Это были первые из осужденных второй категории декабристов, которых увозили в Сибирь. Ранее, до коронации, но тотчас после сентенции, в июле 1826 года, было отправлено восемь человек: князь Трубецкой, князь Волконский, князь Оболенский, Василий Давыдов, два брата Борисовых, Артамон Муравьев и Якубович. По первому зимнему пути были отправлены Никита и Александр Муравьевы, Торсон — моряк и Иван Александрович Анненков[55]. Потом уже одних за другими отправляли и остальных. Тогда носились слухи, что Муравьевых и Анненкова не без причины поспешили отправить, а именно потому, что мать Муравьевых, Екатерина Федоровна, которая безумно любила сыновей своих, потом жена одного из них, Никиты, Александра Григорьевна, рожденная графиня Чернышева, и, наконец, я — были самые беспокойные, самые смелые. Мы всем из властей в С.-Петербурге решительно надоели и от нас не знали, как отделаться.
Когда я наконец осознала всю истину, слушая жену Виктора Васильевича, я потеряла голову и не могла положительно сообразить, что мне делать. Всего ужаснее была мысль, что могли увезти осужденных не в Сибирь, а в одну из крепостей, и там оставить их, если не навсегда, то надолго[56]. Я знала, что всего более их пугала возможность оставаться в крепости, и все они смотрели, как на большое облегчение их участи, если их сошлют в Сибирь. Сама я вполне разделяла их страхи и опасения и в эту минуту сгорала желанием и нетерпением узнать, куда их увезли.

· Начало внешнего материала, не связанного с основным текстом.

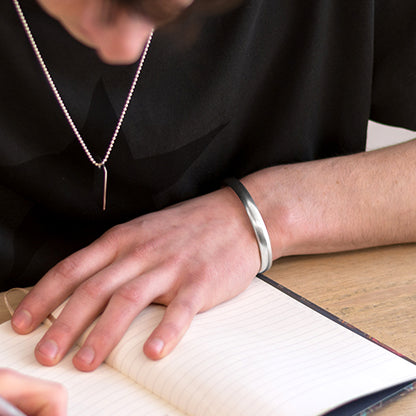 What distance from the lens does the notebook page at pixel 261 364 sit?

Тогда я вспомнила, что Николай Николаевич Анненков, которого раньше не было в Петербурге, должен был вернуться в это время. Он был адъютантом при великом князе Михаиле Павловиче. Я послала за извозчиком и приказала везти себя во дворец. Приходилось делать большой объезд, чтобы переехать Неву в том месте, где уже встал лед, это, кажется, было около Смольного. Хозяйка квартиры уговаривала меня подождать до утра и убеждала, что мне необходимо одеться, но я отвечала, что она с ума сошла, что я одета очень хорошо, позабыв совершенно и не сознавая, что на мне был надет старый халат Ивана Александровича, который я очень любила, но в котором, конечно, невозможно было показаться во дворец. Хозяйка, испугавшись, видя меня в таком состоянии, более не противоречила, и через час (то было еще раннее утро, часов восемь) я была во дворце великого князя. Там в мужском халате вбежала я в ярко освещенный зал, где в то время находился Николай Николаевич Анненков и множество военных. Он бросился ко мне навстречу, обнял и увлек в другую комнату, стараясь успокоить (потом он говорил, что был уверен в эти минуты, что я помешалась). Я умоляла сказать, куда могли увезти Ивана Александровича — в Сибирь или в крепость. Он уверял, что не знает, но дал слово известить меня и действительно через час, не позже, после того как я уехала от него, дал знать, что увезли в Сибирь. Я осталась глубоко благодарна Николаю Николаевичу за участие, которое он оказал мне в эту ужасную для меня минуту (эта фраза в рукописи отсутствует).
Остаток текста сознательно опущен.